Comencé a hacer autorretratos a los 13 años con una Minolta automática. Compraba carretes de 12 fotografías porque con el dinero que tenía para el fin de semana era lo único que me podía permitir si quería revelarlo.
Cuando salieron las primeras cámaras compactas digitales descubrí un mundo mucho más económico y sobre todo más divertido, porque ya no me la jugaba a una sola fotografía, podía dejar volar mi imaginación sin restricciones, probar, poner, quitar y hacer tangible todo lo que sentía en ese momento.
Entonces no sabía muy bien porqué lo hacía. Sólo sabía que al hacerlo, el huracán pasaba. Y eso era todo lo que necesitaba. Luego las veía y las guardaba.
Fotografiarme a mí misma ha sido desde entonces la mejor manera de conocerme y de no perderme en el camino. De expresarme de dentro hacia fuera.
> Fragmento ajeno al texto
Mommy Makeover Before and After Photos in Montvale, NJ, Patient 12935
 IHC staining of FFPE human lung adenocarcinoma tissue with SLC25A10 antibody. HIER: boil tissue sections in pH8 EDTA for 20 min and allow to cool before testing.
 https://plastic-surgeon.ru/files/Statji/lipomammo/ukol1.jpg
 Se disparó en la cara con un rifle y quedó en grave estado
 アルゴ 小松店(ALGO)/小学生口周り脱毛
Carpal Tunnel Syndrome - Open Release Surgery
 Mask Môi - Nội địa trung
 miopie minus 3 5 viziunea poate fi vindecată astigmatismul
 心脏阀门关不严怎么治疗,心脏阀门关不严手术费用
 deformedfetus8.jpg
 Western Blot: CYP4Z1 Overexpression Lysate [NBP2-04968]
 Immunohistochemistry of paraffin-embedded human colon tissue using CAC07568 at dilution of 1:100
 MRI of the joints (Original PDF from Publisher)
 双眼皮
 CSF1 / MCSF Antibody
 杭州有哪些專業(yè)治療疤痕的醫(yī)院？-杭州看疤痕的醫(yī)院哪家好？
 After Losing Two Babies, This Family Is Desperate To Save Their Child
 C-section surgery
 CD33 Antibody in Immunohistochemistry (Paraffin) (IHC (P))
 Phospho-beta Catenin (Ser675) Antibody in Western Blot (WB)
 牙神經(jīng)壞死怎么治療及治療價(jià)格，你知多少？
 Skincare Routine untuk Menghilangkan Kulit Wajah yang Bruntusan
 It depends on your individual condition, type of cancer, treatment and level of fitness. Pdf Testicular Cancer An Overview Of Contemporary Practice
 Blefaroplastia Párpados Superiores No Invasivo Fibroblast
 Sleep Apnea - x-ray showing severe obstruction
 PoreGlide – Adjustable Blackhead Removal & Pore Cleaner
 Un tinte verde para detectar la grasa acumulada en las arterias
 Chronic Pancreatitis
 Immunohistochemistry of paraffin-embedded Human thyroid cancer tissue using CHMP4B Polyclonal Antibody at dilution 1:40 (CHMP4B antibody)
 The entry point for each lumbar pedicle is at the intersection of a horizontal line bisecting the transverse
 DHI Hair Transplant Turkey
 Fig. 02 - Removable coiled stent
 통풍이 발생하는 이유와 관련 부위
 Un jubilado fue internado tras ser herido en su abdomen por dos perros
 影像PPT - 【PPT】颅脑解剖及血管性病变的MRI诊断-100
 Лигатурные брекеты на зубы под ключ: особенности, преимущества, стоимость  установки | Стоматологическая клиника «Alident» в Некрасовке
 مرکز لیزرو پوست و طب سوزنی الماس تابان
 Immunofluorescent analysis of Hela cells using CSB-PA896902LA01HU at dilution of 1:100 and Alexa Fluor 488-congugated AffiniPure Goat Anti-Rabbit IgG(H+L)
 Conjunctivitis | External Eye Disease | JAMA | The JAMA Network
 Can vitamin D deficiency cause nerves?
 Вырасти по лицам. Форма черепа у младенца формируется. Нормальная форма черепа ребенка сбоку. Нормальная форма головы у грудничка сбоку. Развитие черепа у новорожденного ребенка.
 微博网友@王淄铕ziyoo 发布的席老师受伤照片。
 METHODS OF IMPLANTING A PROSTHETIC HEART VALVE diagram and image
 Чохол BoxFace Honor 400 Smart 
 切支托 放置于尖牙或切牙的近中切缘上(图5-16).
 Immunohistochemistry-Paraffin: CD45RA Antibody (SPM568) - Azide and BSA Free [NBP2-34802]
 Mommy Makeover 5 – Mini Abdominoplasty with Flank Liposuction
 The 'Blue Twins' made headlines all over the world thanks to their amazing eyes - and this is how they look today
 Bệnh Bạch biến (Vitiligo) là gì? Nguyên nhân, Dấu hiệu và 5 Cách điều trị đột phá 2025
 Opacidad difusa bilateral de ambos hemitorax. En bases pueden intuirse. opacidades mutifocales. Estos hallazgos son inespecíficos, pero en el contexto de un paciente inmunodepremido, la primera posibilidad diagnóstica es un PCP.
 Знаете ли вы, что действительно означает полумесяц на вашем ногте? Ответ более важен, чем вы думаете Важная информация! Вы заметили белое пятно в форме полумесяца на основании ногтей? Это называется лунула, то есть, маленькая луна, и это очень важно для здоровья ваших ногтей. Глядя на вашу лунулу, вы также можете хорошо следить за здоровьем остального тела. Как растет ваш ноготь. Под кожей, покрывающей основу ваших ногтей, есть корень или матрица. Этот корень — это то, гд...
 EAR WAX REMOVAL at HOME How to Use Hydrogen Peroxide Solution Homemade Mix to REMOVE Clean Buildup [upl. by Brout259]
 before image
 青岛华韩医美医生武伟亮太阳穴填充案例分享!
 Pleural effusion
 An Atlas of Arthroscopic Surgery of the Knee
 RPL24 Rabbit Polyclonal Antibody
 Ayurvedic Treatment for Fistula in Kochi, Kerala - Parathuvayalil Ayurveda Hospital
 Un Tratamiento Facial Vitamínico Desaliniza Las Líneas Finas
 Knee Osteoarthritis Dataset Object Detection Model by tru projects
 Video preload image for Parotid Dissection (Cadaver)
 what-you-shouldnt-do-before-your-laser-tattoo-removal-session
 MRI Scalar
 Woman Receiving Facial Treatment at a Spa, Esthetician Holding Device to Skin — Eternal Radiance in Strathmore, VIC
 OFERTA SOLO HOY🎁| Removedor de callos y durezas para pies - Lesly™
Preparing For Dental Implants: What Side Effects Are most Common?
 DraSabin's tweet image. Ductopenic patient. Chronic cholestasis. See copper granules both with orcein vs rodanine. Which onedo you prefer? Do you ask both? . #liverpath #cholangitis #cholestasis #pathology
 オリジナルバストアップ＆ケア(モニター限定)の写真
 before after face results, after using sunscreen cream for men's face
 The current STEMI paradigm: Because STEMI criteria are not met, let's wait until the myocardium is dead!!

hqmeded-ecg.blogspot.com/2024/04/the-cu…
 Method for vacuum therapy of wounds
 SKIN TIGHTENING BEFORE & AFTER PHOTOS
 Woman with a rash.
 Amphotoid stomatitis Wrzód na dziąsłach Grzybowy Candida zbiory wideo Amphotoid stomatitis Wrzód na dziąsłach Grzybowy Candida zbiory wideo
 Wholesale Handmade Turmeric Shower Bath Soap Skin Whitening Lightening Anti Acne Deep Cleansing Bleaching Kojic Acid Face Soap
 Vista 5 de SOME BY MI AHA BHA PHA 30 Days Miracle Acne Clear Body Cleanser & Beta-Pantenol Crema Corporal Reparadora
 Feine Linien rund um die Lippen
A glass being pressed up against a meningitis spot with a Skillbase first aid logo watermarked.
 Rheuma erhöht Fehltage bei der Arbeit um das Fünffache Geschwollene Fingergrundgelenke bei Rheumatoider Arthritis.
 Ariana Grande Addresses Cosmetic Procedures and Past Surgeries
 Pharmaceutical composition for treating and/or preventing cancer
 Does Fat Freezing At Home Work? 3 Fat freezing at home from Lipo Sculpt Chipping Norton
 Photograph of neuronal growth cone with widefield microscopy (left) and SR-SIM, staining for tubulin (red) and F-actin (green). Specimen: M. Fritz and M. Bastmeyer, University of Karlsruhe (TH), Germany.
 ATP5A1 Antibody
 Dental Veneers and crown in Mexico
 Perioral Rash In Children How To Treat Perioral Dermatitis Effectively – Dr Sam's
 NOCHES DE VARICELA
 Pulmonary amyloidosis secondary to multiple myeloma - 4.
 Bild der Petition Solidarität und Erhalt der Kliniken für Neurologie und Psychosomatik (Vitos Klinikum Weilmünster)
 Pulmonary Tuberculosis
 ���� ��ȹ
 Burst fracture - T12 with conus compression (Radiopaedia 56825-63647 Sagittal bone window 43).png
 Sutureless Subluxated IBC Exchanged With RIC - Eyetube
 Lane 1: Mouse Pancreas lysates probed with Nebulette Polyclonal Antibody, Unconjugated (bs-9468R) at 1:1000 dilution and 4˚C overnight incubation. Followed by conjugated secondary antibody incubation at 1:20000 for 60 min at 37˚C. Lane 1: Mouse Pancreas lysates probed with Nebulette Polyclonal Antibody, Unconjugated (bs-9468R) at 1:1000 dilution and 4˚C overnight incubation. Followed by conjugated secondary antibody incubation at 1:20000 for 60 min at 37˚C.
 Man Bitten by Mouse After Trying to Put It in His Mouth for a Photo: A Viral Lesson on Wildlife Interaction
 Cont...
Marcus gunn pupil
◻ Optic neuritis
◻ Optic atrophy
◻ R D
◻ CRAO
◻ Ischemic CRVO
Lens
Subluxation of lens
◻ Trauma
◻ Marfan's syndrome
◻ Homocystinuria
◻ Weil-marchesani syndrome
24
De aceptarme, aprenderme y reconocerme. Como un espejo.
Fotografío todo aquello que necesito vivir, o que ya he vivido, todo aquello que me resulta incómodo dejar dentro, todo aquello que siento, lo bueno y lo menos bueno. Son fotografías de emociones momentáneas que al llevarlas a cabo, me hacen libre.
Durante muchos años han estado en un cajón, luego en un disco duro y hasta hace un par de años no encontré la valentía suficiente para mostrarlas. Así que, frente a lo que pueda parecer como un acto de exhibicionismo o narcisismo, el autorretrato no es más que una vía de expresión,una oportunidad de crecimiento, de creación, la ocasión perfecta para poner el mundo que conozco patas arriba y hacer con él lo que quiera, un juego imprescindible para mi y muy muy divertido.
Por Anita Madrazo (29), Madrid – España.